Grazie all’intervento di Latifa Echakhch all’interno degli spazi espositivi di Kaufmann Repetto sono rimaste le macerie di un post-evento a cui nessuno ha preso parte fisicamente, il silenzio di un’archeologia del ricordo che oggi sembra stare fuori da un fluire storico.
I dipinti sun set down. (2020) alle pareti, realizzati con una tecnica che ricorda quella dell’affresco, rappresentano l’immagine di un’alba da una palette cromatica ipersaturata in costante avvicinamento. La resa pittorica di Echakhch sembra riprendere la procedura dello strappo messa a punto a metà del XVIII secolo da Giovanni Secco Suardo, ovvero l’operazione di distacco dei dipinti dal muro, che veniva utilizzata per il trasporto della pellicola pittorica su un supporto differente, consuetudine considerata azione conservativa che permetteva di ridare nuovo valore e solidità ai dipinti. Ciò che sembra fissato in questo caso è l’archetipo dell’appiattimento di un paradigma estetico: l’immagine frammentata della fotografia paesaggistica mainstream all’interno dell’infosfera mediale.
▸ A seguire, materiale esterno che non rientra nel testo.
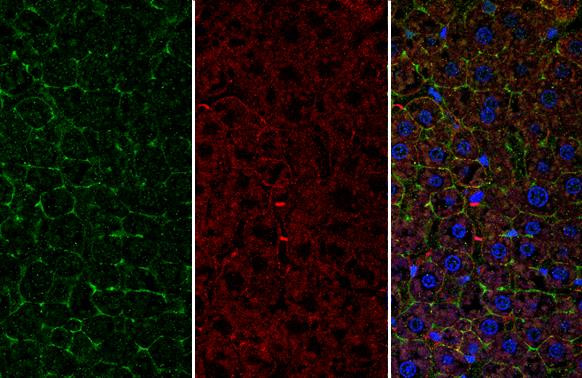 CD166 Antibody in Immunohistochemistry (Paraffin) (IHC (P))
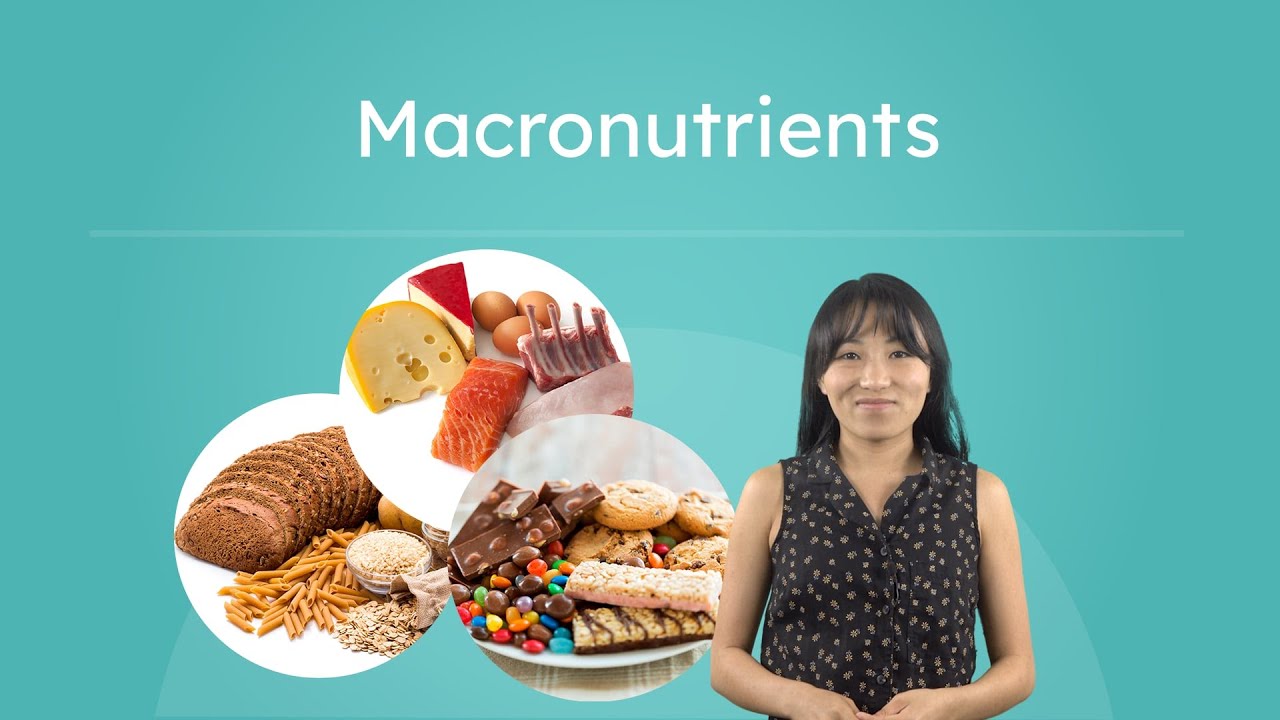 Macronutrients - Carbs, Protein, and Fat Explained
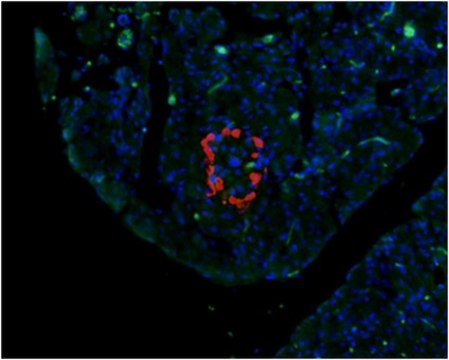 Anti-Glucagon Antibody, clone 13D11.33 clone 13D11.33, from mouse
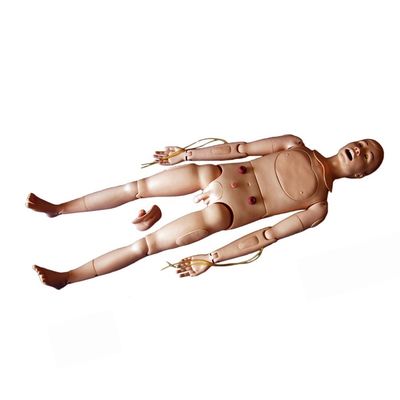 Male and Female Nursing Training Manikin for Flexible Patients Care Demonstration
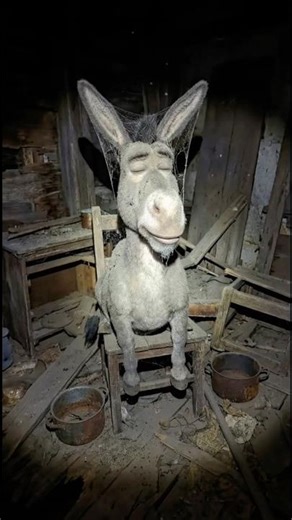 Are they being forgotten? #behindthescenes #viralshorts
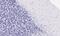 5-Hydroxytryptamine Receptor 2A antibody, NBP2-26091, Novus Biologicals, Immunohistochemistry paraffin image 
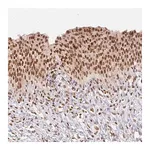 Merck Anti-NFE2L1 antibody produced in rabbit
Lo spazio è pervaso da rovine metalliche tradotte nella serie di installazioni After (2020), impalcature che costituiscono parte fondante dell’apparato scenografico nell’architettura del concerto, creando così un gioco di rapporti spaziali volumetrici all’interno dello spazio espositivo. Le macerie sembrano essere crollate come a compimento di un grande e ultimo rituale prima del silenzio, feticci su cui qualcuno ha lasciato, o sacrificato, elementi d’abbigliamento ordinario.
L’oscurità imposta dalla tinta nera delle pareti e del pavimento impone una teatralità che esula dal mondo circostante, paralizzando lo spazio in un frammento temporale indefinito. Il crepuscolo è in arrivo, ma non abbiamo idea di quando, come e se arriverà. Per ora, è rimasto il desiderio di desideri.